Only use grease on bearings - light oil on other parts when reassembling.

Do it properly and enter another realm of mastery...:)
 
That white goo makes me think that water/moisture made its way into the hub somehow and mixed with the oils. Flush and re-lube. If you decide to dive into the hub itself, this video of a model AW re-build may prove useful.

 
Overhauling an AW hub is not terribly difficult but seems intimidating. Sheldon's site and YouTube will be your best friends. The tricky part is the correct orientation of the pawls and getting the pawl springs back in correctly. Only take one out at a time and use the other for reference. DO NOT drop the spring - you will never find it again. Disassemble over a surface you will catch it when it gets twitchy...

Only use grease on bearings - light oil on other parts when reassembling.

Do it properly and enter another realm of mastery...:)
Thanks. It's only your first time once, right? I know I felt that way with the '36 Morrow coaster brake hub that I rejuvenated. I was thinking that there probably wasn't anyone local that had experience working on one that could help me. When I got done and got it cleaned up and working good I thought, I'm that guy with experience.
 
That white goo makes me think that water/moisture made its way into the hub somehow and mixed with the oils. Flush and re-lube. If you decide to dive into the hub itself, this video of a model AW re-build may prove useful.

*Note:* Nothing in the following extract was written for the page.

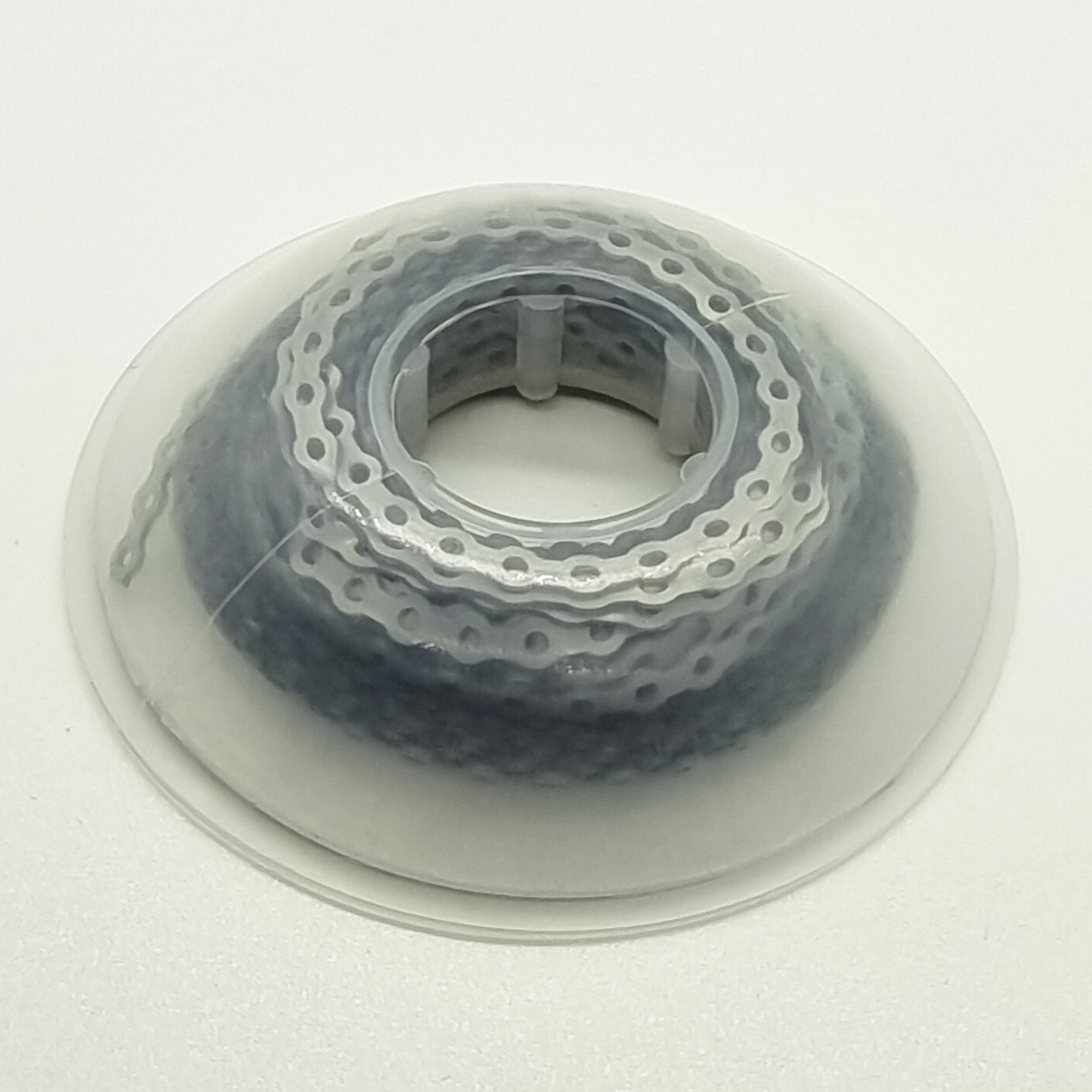 10Roll Dental Orthodontic Elastic Ultra Chain Elastolink long/short/continuous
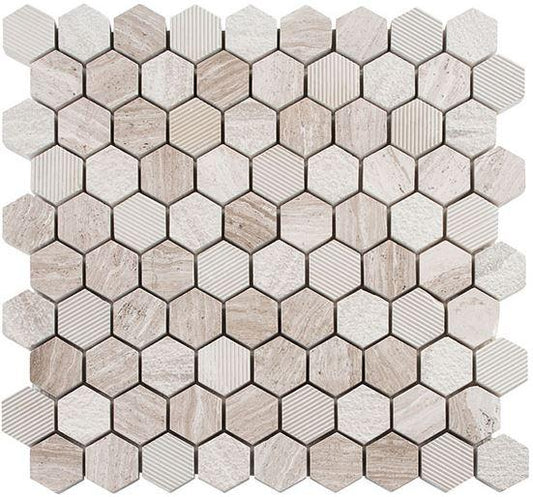 GT Marble Wall Tile Winter Fjord  EHEX152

Thank you. Great era to work on bikes. All that information at the tip of your fingers. Imagine it wasn't as easy before the internet.
 
So I had a spare wheel that was pretty gunked up too. I used this for practice. I jet blasted it with WD40 through the oil port until it ran clear. I then took the cones off one side at a time to help drain it out and to look inside. I could see the ball bearings all shiny from the WD40. I attempted to pry the dust cap up to get at the bearings but I stopped because I didn't want to bend it out of shape, so I just applied grease to the cone and threaded it back in place. After reassembly I added some 20 weight oil through the port and gave it a spin. What a difference. It worked great. I repeated this process on the other hub with the same success. I appreciate all the help.
 
After I finished my 69 Raleigh Sports I serviced the SA hub on my 72 Raleigh Sports. This time I got the dust caps off of the bearings and cleaned them up before regreasing. Wow! That wheel doesn't want to stop spinning. Feeling confident about the next one.